Work to complete: Would you restate the data exactly as given?

Stored entries:

※ ※ ※

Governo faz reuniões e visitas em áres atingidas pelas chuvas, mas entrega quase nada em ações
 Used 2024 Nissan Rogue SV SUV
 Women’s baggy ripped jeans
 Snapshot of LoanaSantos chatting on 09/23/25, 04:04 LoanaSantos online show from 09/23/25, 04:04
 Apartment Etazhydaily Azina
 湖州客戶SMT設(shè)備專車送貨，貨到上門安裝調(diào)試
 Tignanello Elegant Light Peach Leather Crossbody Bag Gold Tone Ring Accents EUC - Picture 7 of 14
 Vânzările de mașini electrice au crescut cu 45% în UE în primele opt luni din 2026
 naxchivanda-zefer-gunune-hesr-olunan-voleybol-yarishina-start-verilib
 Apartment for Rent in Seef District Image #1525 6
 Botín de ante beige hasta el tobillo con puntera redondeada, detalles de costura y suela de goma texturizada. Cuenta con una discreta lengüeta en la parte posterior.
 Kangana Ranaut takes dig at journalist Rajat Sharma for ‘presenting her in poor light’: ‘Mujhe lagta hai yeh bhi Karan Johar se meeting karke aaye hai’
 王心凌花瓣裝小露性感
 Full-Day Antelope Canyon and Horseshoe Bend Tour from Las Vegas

※ ※ ※

Response to this exercise:
Governo faz reuniões e visitas em áres atingidas pelas chuvas, mas entrega quase nada em ações
 Used 2024 Nissan Rogue SV SUV
 Women’s baggy ripped jeans
 Snapshot of LoanaSantos chatting on 09/23/25, 04:04 LoanaSantos online show from 09/23/25, 04:04
 Apartment Etazhydaily Azina
 湖州客戶SMT設(shè)備專車送貨，貨到上門安裝調(diào)試
 Tignanello Elegant Light Peach Leather Crossbody Bag Gold Tone Ring Accents EUC - Picture 7 of 14
 Vânzările de mașini electrice au crescut cu 45% în UE în primele opt luni din 2026
 naxchivanda-zefer-gunune-hesr-olunan-voleybol-yarishina-start-verilib
 Apartment for Rent in Seef District Image #1525 6
 Botín de ante beige hasta el tobillo con puntera redondeada, detalles de costura y suela de goma texturizada. Cuenta con una discreta lengüeta en la parte posterior.
 Kangana Ranaut takes dig at journalist Rajat Sharma for ‘presenting her in poor light’: ‘Mujhe lagta hai yeh bhi Karan Johar se meeting karke aaye hai’
 王心凌花瓣裝小露性感
 Full-Day Antelope Canyon and Horseshoe Bend Tour from Las Vegas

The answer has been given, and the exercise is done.